There seems to be another factor involved. Let's examine how pclass affected survival.
In [17]:
# Females grouped by those who survived (died) and their pclass. Each variable
# is a tuple with each element representing a group who all share the same pclass.
f_class_age_survived = group_by_class(f_age_survived_groups[0])
f_class_age_died = group_by_class(f_age_survived_groups[1])
# Males grouped by those who survived (died) and their pclass. Each variable
# is a tuple with each element representing a group who all share the same pclass.
m_class_age_survived = group_by_class(m_age_survived_groups[0])
m_class_age_died = group_by_class(m_age_survived_groups[1])
In [19]:
# Plot setup for females
fig, (ax1, ax2, ax3) = plt.subplots(ncols=3, sharey=True)
# Plots for females
sns.distplot(f_class_age_survived[0]['Age'], kde=False, bins=20, ax=ax1, label='Survived')
fig1 = sns.distplot(f_class_age_died[0]['Age'], kde=False, color='r', bins=20, ax=ax1, label='Died')
sns.distplot(f_class_age_survived[1]['Age'], kde=False, bins=20, ax=ax2)
fig2 = sns.distplot(f_class_age_died[1]['Age'], kde=False, color='r', bins=20, ax=ax2)
sns.distplot(f_class_age_survived[2]['Age'], kde=False, bins=20, ax=ax3)
fig3 = sns.distplot(f_class_age_died[2]['Age'], kde=False, color='r', bins=20, ax=ax3)
# Titles
fig1.set(title='First Class')
fig1.legend(loc='upper right')
fig2.set(title='Second Class')
fig3.set(title='Third Class')
fig1.figure.set_size_inches(12,5)
# Plot setup for males
fig, (ax1, ax2, ax3) = plt.subplots(ncols=3, sharey=True)
# Plots for males
sns.distplot(m_class_age_survived[0]['Age'], kde=False, bins=20, ax=ax1, label='Survived')
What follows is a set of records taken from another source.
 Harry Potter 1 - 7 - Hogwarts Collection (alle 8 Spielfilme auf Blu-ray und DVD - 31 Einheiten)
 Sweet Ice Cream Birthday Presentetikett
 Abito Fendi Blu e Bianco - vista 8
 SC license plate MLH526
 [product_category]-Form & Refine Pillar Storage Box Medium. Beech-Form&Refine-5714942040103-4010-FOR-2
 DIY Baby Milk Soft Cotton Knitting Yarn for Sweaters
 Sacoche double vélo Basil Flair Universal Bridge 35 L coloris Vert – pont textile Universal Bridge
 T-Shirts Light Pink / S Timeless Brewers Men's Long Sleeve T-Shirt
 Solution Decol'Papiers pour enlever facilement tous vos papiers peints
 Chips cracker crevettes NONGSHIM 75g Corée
fig1 = sns.distplot(m_class_age_died[0]['Age'], kde=False, color='r', bins=20, ax=ax1, label='Died')
sns.distplot(m_class_age_survived[1]['Age'], kde=False, bins=20, ax=ax2)
fig2 = sns.distplot(m_class_age_died[1]['Age'], kde=False, color='r', bins=20, ax=ax2)
sns.distplot(m_class_age_survived[2]['Age'], kde=False, bins=20, ax=ax3)
fig3 = sns.distplot(m_class_age_died[2]['Age'], kde=False, color='r', bins=20, ax=ax3)
# Titles
fig1.set(title='First Class')
fig1.legend(loc='upper right')
fig2.set(title='Second Class')
fig3.set(title='Third Class')
fig1.figure.set_size_inches(12,5)
It appears that there is a correlation between pclass and surviving the disaster in addition to gender. Specifically, the lower pclasses, especially third class, seem to have a much lower chance of surviving. However, children seemed to have a higher chance of surviving within any pclass.
For instance, all male children in first and second class surived. Male children in third class did not have as high a chance of surviving, but it appears that a much greater proportion of male children in third class survived then adult males in third class. What is said about male children can also be said about female children with the exception of one child in first class.
Within the sample given women had a much better chance of surviving the Titanic disaster. However, there were other factors in addition to gender (age, pclass) that affected the chance of surivival. Below is more detailed list of how these factors affected survival
Overall, the findings are interesting but the findings are only about a sample of 891 people out of roughly 2,200 people that were in the disaster. In addition, all the conclusions from the age data represent only 714 people, about one-third the total population. To make definitive conlcusions about what affected survival we must calculate statistical power or (because it is feasible) look at the entire population.